*** MATERIAL PROVIDED Section Begins ***

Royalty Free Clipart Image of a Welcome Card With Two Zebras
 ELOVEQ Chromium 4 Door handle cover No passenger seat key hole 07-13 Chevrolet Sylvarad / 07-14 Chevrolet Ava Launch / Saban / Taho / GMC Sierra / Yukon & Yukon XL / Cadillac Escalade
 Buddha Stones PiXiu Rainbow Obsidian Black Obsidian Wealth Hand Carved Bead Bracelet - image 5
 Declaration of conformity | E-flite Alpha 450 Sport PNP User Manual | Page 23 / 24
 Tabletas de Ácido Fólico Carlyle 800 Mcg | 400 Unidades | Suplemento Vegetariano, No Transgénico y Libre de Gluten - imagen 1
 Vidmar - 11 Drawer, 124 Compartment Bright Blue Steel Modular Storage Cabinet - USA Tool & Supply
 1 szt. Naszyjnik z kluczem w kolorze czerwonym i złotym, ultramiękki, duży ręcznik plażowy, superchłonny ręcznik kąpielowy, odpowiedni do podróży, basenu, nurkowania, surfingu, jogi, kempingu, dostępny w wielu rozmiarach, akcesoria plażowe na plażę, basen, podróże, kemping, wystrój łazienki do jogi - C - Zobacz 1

*** MATERIAL PROVIDED Section Ends ***

**ASSIGNED TASK**. Reproduce exactly the line bearing "Tabletas de Ácido" and all the lines that come after it in the records above; add nothing.

**YOUR RESPONSE**.
 Tabletas de Ácido Fólico Carlyle 800 Mcg | 400 Unidades | Suplemento Vegetariano, No Transgénico y Libre de Gluten - imagen 1
 Vidmar - 11 Drawer, 124 Compartment Bright Blue Steel Modular Storage Cabinet - USA Tool & Supply
 1 szt. Naszyjnik z kluczem w kolorze czerwonym i złotym, ultramiękki, duży ręcznik plażowy, superchłonny ręcznik kąpielowy, odpowiedni do podróży, basenu, nurkowania, surfingu, jogi, kempingu, dostępny w wielu rozmiarach, akcesoria plażowe na plażę, basen, podróże, kemping, wystrój łazienki do jogi - C - Zobacz 1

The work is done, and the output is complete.